Si el genio me concede el deseo, como a Tom Hanks en BIG, prometo tirar toda mi ropa a la basura y no volver a comprar nunca nada que me tape el ombligo. Prometo también regalar todos mis discos de Otis Redding, Nina Simone y Amalia Rodrigues y escuchar regueton sin parar. A partir de ahora, solo perreo. “Y si con otro pasas el ratooooo, vamos a ser feliz, vamos a ser feliz, felices los cuatro. Te agrandamos el cuartoooooo”.

Nefertiti nos pide que gritemos con las canciones y es cierto, al principio estábamos un poco cortadas – la tribu del ojo pintado a veces es pudorosa-, pero luego nos hemos puesto a berrear como locas. La felicidad – me he dado cuenta hoy, a los 35- es eso: gritar, sudar y reírse al mismo tiempo. La Diosa ha vuelto.

  
 

Volver

Con Rajoy investido, el techo de gasto a punto de caramelo y un pacto para subir el salario mínimo un 8%, he pensado que era el momento de volver a zumba. No os voy a engañar, no recuerdo cuánto tiempo hacía del último perreo. Creo que fue en la época del no es no, cuando Pedro Sánchez salía todos los días en la tele. 

Llevaba preparada una excusa genial para cuando el de la puerta del gimnasio me preguntara, como un cura, pero en mallas, que cuándo había sido la última vez. Pero no estaba. En su lugar había una rubia mascando chicle. Le he dicho «hola». Ella me ha respondido con un globo rosa. Y entonces lo he visto.
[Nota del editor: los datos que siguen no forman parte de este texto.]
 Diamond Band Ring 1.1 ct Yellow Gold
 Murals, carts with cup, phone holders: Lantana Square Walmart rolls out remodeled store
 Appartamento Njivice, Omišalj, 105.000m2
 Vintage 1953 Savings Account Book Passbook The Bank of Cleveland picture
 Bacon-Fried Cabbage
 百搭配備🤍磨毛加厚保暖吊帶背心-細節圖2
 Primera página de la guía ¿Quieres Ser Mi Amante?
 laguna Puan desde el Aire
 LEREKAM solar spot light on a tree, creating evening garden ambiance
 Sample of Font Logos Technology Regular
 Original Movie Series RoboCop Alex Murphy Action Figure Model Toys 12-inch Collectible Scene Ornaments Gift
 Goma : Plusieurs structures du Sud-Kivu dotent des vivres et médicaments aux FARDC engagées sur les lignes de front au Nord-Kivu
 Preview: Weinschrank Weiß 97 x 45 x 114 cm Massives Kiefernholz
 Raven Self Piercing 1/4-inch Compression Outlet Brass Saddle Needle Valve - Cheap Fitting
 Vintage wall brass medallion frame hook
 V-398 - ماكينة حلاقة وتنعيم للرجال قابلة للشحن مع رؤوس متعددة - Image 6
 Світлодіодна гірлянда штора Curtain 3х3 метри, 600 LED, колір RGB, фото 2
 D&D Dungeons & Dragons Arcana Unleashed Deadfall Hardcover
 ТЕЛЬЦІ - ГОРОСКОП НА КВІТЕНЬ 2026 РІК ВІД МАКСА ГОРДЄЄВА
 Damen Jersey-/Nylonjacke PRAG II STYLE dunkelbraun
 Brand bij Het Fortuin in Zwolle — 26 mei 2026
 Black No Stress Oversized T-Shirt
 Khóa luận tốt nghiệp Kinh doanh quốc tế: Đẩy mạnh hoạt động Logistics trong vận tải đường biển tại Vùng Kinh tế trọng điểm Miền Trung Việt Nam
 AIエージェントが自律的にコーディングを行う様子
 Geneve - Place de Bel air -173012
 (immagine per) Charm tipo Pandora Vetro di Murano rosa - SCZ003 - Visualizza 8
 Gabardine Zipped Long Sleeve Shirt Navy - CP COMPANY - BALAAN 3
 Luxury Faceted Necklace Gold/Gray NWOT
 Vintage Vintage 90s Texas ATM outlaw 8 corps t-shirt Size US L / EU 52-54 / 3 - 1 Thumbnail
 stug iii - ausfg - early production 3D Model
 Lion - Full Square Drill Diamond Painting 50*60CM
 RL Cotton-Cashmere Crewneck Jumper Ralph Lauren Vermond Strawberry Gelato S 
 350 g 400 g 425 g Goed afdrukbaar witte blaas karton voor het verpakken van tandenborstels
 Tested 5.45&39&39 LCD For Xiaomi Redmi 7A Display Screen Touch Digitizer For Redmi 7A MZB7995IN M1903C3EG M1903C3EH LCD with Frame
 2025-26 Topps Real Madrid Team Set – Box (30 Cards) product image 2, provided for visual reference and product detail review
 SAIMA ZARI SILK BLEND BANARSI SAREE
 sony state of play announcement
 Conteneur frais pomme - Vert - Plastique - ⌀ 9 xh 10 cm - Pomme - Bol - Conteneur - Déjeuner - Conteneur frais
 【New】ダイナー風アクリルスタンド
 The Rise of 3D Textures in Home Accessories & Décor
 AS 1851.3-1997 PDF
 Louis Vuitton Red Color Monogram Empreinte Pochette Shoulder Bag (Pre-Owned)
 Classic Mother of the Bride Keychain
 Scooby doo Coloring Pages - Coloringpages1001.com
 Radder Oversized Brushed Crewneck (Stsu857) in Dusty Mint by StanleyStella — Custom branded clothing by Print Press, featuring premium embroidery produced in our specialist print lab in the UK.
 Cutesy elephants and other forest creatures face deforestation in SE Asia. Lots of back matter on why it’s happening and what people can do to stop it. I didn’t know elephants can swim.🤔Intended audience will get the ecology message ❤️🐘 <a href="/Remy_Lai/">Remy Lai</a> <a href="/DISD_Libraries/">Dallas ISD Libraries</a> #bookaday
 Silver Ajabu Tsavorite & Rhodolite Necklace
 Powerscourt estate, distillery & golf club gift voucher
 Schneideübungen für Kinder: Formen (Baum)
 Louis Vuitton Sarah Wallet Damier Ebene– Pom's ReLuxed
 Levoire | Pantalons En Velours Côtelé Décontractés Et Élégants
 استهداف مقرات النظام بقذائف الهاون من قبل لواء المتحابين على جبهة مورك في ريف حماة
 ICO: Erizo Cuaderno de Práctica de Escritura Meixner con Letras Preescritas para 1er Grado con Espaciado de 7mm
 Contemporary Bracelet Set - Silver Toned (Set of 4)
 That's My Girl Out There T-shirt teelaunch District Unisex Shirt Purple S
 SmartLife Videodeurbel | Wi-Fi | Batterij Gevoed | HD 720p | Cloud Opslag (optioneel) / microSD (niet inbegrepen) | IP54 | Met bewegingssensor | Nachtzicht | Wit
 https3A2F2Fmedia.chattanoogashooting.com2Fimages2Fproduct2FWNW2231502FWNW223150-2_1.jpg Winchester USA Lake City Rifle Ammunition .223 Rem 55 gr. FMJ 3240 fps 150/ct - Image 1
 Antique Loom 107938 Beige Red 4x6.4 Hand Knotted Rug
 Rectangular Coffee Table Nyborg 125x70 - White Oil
No es que no estuviera el de la puerta, es que nada estaba en su sitio. Habían hecho una reforma. 
Resulta que utilizaron mi ausencia para pintar las paredes de otro color y cambiar las máquinas de sitio: la de los palos que te atacan y también las de las bebidas de color fosforito. Había paredes nuevas y unas luces cegadoras de neón azul. A lo lejos se oía gritar al monitor de spinning y he tratado de orientarme con su voz hasta la sala de zumba. 

Naturalmente, me he perdido. 

He atravesado el pasillo de musculitos con el corazón a 200 pulsaciones de la angustia y sin haber hecho aún la primera sentadilla. He subido y bajado del primer al segundo piso. Al fin, he encontrado la sala de la clase y a cinco desconocidas esperando en la puerta. De la tribu del ojo pintado, ni rastro. Recordé, con morriña, a La Diosa y su impresionante capacidad de convocatoria – aquella mujer con el culo en la coronilla llenaría estadios-. Me dio pena que las nuevas generaciones, aquellas cinco niñas en mallas, no la hubiesen conocido. Sus flexiones entre canción y canción. Su sospechosa destreza con los movimientos obscenos. Su carisma. 

Llegó entonces el primer rostro conocido, ese profe que nos hace bailar con pesas, que allí se llaman «¡Discooooos!» . No me reconoció. Sí saludó a las cinco niñas. Le odié un poquito. Una de ellas abandonó la sala a mitad de clase y vi caer por la cara del monitor lo que me pareció una lágrima -aunque también pudo ser una gota de sudor-. La clase fue un trámite sin emoción. Terminamos con unos abdominales, en silencio. Hay un tipo que no me sale porque estoy convencida de que me falta ese músculo. En mi caso debieron de rellenar con otra cosa. La Diosa me habría lanzado esa mirada implacable que conseguía que hicieras cinco más y luego otros cinco, pero a este le da todo igual. Nada es lo mismo.